● What is needed: What lines below contain the word "more"? Please pull each one out.

● Material for this exercise:
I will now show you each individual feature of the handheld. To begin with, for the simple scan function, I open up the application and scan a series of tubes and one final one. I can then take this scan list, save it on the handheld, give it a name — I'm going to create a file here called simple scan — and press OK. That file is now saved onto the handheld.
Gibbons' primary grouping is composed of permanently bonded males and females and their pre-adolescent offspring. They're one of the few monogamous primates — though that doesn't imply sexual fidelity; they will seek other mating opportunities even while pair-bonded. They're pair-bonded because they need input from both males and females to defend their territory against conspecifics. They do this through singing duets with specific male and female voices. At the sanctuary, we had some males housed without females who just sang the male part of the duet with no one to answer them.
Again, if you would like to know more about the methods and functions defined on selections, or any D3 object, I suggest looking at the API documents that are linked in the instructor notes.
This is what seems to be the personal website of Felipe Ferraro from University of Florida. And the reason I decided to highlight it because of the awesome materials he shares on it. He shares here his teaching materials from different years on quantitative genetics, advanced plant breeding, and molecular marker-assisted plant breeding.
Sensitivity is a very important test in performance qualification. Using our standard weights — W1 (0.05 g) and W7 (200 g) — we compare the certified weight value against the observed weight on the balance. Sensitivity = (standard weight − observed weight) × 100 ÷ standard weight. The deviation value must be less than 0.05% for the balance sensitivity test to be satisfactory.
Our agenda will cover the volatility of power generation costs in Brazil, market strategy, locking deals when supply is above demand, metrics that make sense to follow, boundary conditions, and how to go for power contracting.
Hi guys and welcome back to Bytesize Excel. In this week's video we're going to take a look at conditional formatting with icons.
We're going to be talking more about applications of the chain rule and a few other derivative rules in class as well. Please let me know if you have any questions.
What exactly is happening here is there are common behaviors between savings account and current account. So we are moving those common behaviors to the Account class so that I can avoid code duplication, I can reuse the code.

* * *

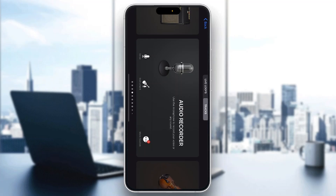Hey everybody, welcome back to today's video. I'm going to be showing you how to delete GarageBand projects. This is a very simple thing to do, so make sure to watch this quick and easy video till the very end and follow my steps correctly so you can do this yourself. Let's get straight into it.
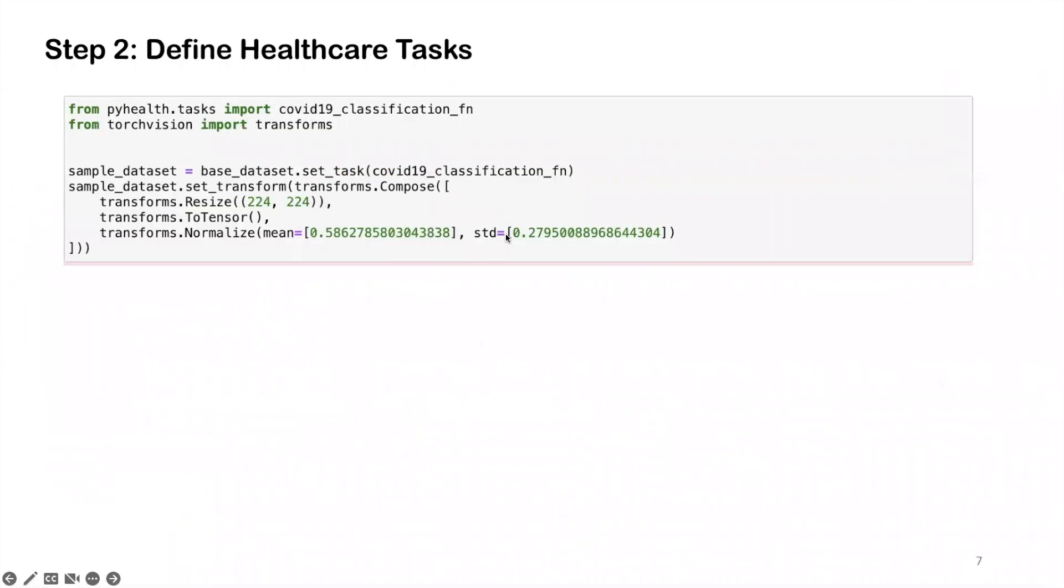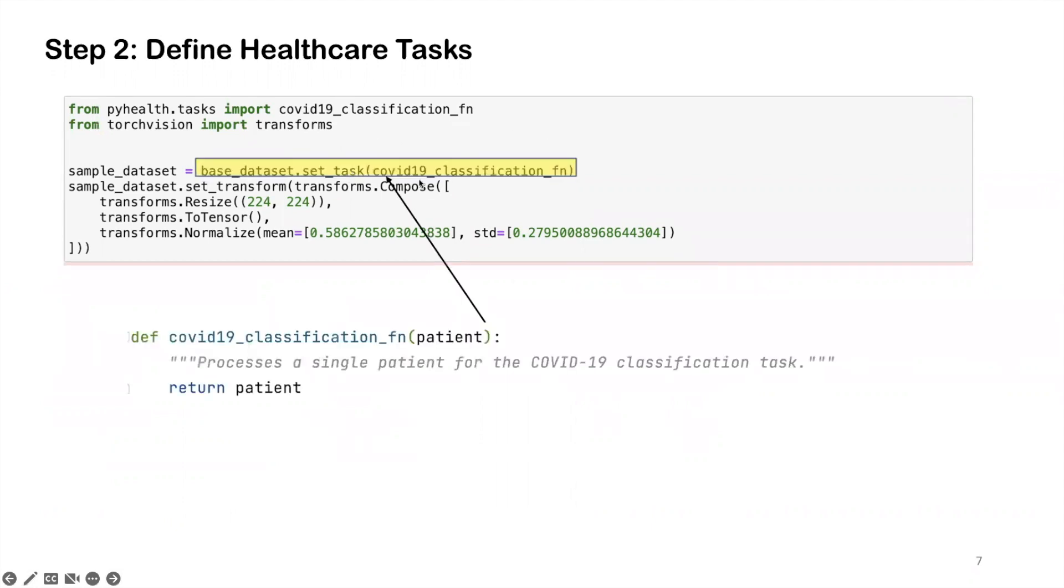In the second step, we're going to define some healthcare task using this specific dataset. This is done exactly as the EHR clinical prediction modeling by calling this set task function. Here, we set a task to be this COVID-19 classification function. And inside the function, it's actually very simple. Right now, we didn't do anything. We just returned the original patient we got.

● Result of this exercise:
Again, if you would like to know more about the methods and functions defined on selections, or any D3 object, I suggest looking at the API documents that are linked in the instructor notes.
We're going to be talking more about applications of the chain rule and a few other derivative rules in class as well. Please let me know if you have any questions.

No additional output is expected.